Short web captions
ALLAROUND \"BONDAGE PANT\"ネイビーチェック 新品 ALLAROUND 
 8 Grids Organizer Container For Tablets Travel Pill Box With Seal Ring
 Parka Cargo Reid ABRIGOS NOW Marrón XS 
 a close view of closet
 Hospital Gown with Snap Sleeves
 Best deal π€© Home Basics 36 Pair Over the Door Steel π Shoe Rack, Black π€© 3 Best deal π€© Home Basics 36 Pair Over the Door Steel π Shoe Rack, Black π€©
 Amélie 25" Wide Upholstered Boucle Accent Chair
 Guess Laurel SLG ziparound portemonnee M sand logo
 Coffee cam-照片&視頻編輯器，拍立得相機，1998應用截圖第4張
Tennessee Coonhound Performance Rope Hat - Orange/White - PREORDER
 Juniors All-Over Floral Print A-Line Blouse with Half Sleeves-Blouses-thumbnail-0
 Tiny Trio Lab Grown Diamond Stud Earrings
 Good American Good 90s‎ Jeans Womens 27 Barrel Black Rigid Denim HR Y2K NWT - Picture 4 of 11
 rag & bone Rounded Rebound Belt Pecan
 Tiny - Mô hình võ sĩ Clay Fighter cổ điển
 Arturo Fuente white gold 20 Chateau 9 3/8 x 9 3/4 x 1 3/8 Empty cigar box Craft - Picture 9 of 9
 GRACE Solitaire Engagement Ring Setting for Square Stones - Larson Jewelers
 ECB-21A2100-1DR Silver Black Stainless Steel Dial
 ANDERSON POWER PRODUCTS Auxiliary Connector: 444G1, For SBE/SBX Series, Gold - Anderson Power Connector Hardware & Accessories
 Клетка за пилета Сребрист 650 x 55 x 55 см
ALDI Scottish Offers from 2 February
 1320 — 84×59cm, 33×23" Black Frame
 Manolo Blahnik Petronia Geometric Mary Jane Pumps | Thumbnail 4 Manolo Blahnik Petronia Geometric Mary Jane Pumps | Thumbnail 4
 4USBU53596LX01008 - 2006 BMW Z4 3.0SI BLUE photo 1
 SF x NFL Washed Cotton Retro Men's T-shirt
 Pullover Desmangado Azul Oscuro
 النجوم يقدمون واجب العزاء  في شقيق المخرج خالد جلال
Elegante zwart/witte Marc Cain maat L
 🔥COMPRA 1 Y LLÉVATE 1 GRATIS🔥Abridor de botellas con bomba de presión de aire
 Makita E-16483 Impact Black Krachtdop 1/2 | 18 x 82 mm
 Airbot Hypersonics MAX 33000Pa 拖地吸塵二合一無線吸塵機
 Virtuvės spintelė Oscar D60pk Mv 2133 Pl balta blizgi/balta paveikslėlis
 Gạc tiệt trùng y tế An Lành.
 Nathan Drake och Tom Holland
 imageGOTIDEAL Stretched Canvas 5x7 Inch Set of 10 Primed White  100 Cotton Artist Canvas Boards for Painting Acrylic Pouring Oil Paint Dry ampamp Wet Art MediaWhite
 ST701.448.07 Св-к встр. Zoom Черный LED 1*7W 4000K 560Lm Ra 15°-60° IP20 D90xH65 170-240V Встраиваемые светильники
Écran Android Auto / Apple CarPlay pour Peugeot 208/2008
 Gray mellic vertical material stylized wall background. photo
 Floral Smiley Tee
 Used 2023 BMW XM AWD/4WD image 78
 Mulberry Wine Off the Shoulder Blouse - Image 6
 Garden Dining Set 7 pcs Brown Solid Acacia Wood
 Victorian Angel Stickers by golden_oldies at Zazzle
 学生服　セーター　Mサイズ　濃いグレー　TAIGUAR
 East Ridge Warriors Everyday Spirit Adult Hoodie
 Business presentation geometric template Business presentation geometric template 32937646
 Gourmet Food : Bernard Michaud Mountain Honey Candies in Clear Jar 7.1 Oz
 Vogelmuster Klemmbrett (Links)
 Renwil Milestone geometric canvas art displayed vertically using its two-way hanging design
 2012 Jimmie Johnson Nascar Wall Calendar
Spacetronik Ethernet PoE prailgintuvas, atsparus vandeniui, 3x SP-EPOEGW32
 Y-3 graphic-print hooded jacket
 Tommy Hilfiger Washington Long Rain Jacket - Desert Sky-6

Exercise directions – Every record above has to appear again, word for word.

Response to this exercise –
ALLAROUND \"BONDAGE PANT\"ネイビーチェック 新品 ALLAROUND 
 8 Grids Organizer Container For Tablets Travel Pill Box With Seal Ring
 Parka Cargo Reid ABRIGOS NOW Marrón XS 
 a close view of closet
 Hospital Gown with Snap Sleeves
 Best deal π€© Home Basics 36 Pair Over the Door Steel π Shoe Rack, Black π€© 3 Best deal π€© Home Basics 36 Pair Over the Door Steel π Shoe Rack, Black π€©
 Amélie 25" Wide Upholstered Boucle Accent Chair
 Guess Laurel SLG ziparound portemonnee M sand logo
 Coffee cam-照片&視頻編輯器，拍立得相機，1998應用截圖第4張
Tennessee Coonhound Performance Rope Hat - Orange/White - PREORDER
 Juniors All-Over Floral Print A-Line Blouse with Half Sleeves-Blouses-thumbnail-0
 Tiny Trio Lab Grown Diamond Stud Earrings
 Good American Good 90s‎ Jeans Womens 27 Barrel Black Rigid Denim HR Y2K NWT - Picture 4 of 11
 rag & bone Rounded Rebound Belt Pecan
 Tiny - Mô hình võ sĩ Clay Fighter cổ điển
 Arturo Fuente white gold 20 Chateau 9 3/8 x 9 3/4 x 1 3/8 Empty cigar box Craft - Picture 9 of 9
 GRACE Solitaire Engagement Ring Setting for Square Stones - Larson Jewelers
 ECB-21A2100-1DR Silver Black Stainless Steel Dial
 ANDERSON POWER PRODUCTS Auxiliary Connector: 444G1, For SBE/SBX Series, Gold - Anderson Power Connector Hardware & Accessories
 Клетка за пилета Сребрист 650 x 55 x 55 см
ALDI Scottish Offers from 2 February
 1320 — 84×59cm, 33×23" Black Frame
 Manolo Blahnik Petronia Geometric Mary Jane Pumps | Thumbnail 4 Manolo Blahnik Petronia Geometric Mary Jane Pumps | Thumbnail 4
 4USBU53596LX01008 - 2006 BMW Z4 3.0SI BLUE photo 1
 SF x NFL Washed Cotton Retro Men's T-shirt
 Pullover Desmangado Azul Oscuro
 النجوم يقدمون واجب العزاء  في شقيق المخرج خالد جلال
Elegante zwart/witte Marc Cain maat L
 🔥COMPRA 1 Y LLÉVATE 1 GRATIS🔥Abridor de botellas con bomba de presión de aire
 Makita E-16483 Impact Black Krachtdop 1/2 | 18 x 82 mm
 Airbot Hypersonics MAX 33000Pa 拖地吸塵二合一無線吸塵機
 Virtuvės spintelė Oscar D60pk Mv 2133 Pl balta blizgi/balta paveikslėlis
 Gạc tiệt trùng y tế An Lành.
 Nathan Drake och Tom Holland
 imageGOTIDEAL Stretched Canvas 5x7 Inch Set of 10 Primed White  100 Cotton Artist Canvas Boards for Painting Acrylic Pouring Oil Paint Dry ampamp Wet Art MediaWhite
 ST701.448.07 Св-к встр. Zoom Черный LED 1*7W 4000K 560Lm Ra 15°-60° IP20 D90xH65 170-240V Встраиваемые светильники
Écran Android Auto / Apple CarPlay pour Peugeot 208/2008
 Gray mellic vertical material stylized wall background. photo
 Floral Smiley Tee
 Used 2023 BMW XM AWD/4WD image 78
 Mulberry Wine Off the Shoulder Blouse - Image 6
 Garden Dining Set 7 pcs Brown Solid Acacia Wood
 Victorian Angel Stickers by golden_oldies at Zazzle
 学生服　セーター　Mサイズ　濃いグレー　TAIGUAR
 East Ridge Warriors Everyday Spirit Adult Hoodie
 Business presentation geometric template Business presentation geometric template 32937646
 Gourmet Food : Bernard Michaud Mountain Honey Candies in Clear Jar 7.1 Oz
 Vogelmuster Klemmbrett (Links)
 Renwil Milestone geometric canvas art displayed vertically using its two-way hanging design
 2012 Jimmie Johnson Nascar Wall Calendar
Spacetronik Ethernet PoE prailgintuvas, atsparus vandeniui, 3x SP-EPOEGW32
 Y-3 graphic-print hooded jacket
 Tommy Hilfiger Washington Long Rain Jacket - Desert Sky-6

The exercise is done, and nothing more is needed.